The proposed ordinance is meant to “preserve the historic district’s character” and could be considered as early as Tuesday, when the McIntosh County Commission holds its monthly meeting. Another commission meeting specifically pertaining to Sapelo development has been announced for Feb. 20.
At that meeting, the commission will consider extending a 30-day moratorium on building permits, enacted on Jan. 22, according to a public notice published Friday.
Credit: Adam Van Brimmer/AJC
Credit: Adam Van Brimmer/AJC
The zoning activities come in the wake of a Jan. 20 citizens-led referendum that repealed a 2023 ordinance change. That revision more than doubled the allowable square footage of homes built on the island. Voters approved the repeal by an overwhelming 85% margin, prompting the commission to meet two days later.
At that meeting, a majority of commissioners vowed to support ordinance language favored by the Gullah Geechee. Commissioner Roger Lotson, whose district includes Sapelo Island, called on residents to “communicate with us.”

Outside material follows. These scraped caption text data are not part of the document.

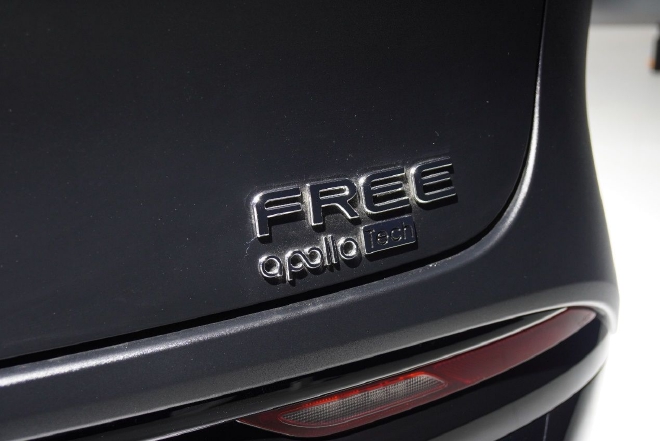 2023上海车展探馆:岚图携多款新车亮相 追光将正式上市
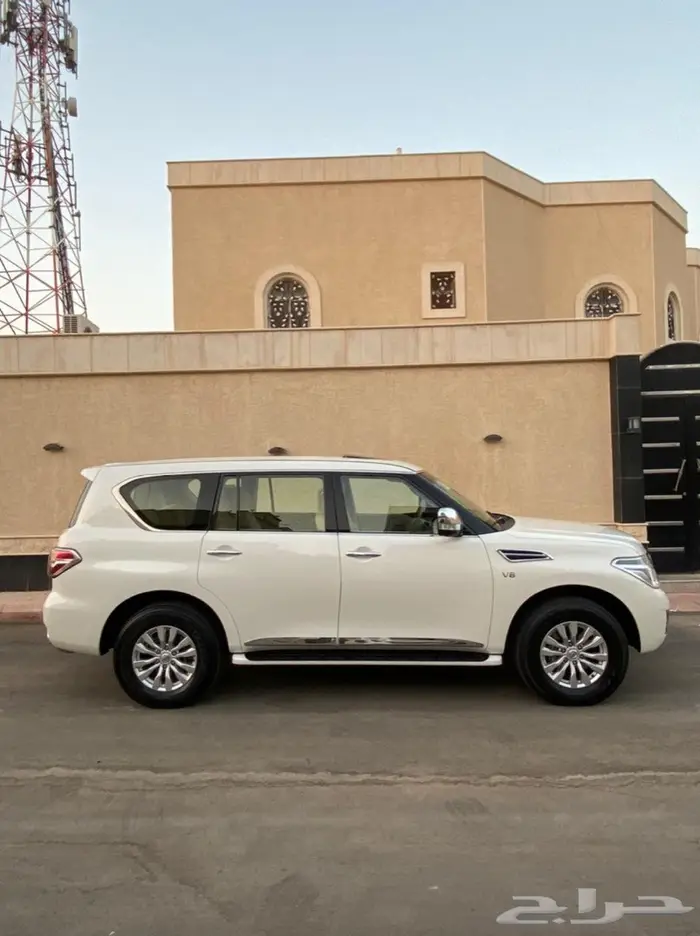 باترول مخزن 2016 سعودي ( تم البيع ) 1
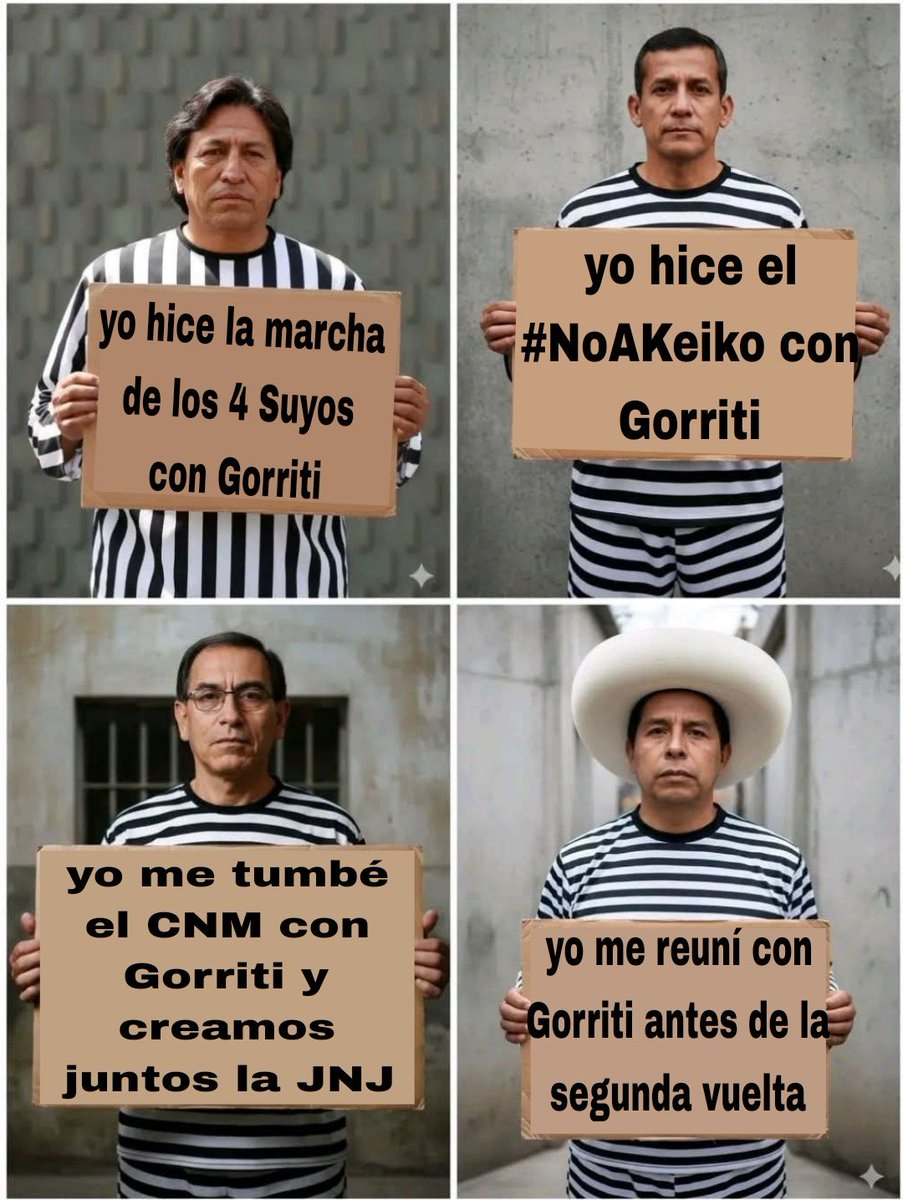 <a href="/aspauzarazuri/">Jorge Aspauza</a> Quien habla de lameculos , si en todo tu TL le abriste bien el QLO a todos estos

The Gullah Geechee’s ordinance proposal, e-mailed to all five county commissioners Monday morning, is in response to Lotson’s request. Contacted Monday, Lotson acknowledged he had received the draft ordinance and encouraged “all impacted by zoning on Sapelo to provide input into this process and to let their voices be heard during public hearings.”
Residents have not yet met with commissioners or county staff, although the county attorney has contacted a lawyer representing Sapelo’s Gullah Geechee about a discussion.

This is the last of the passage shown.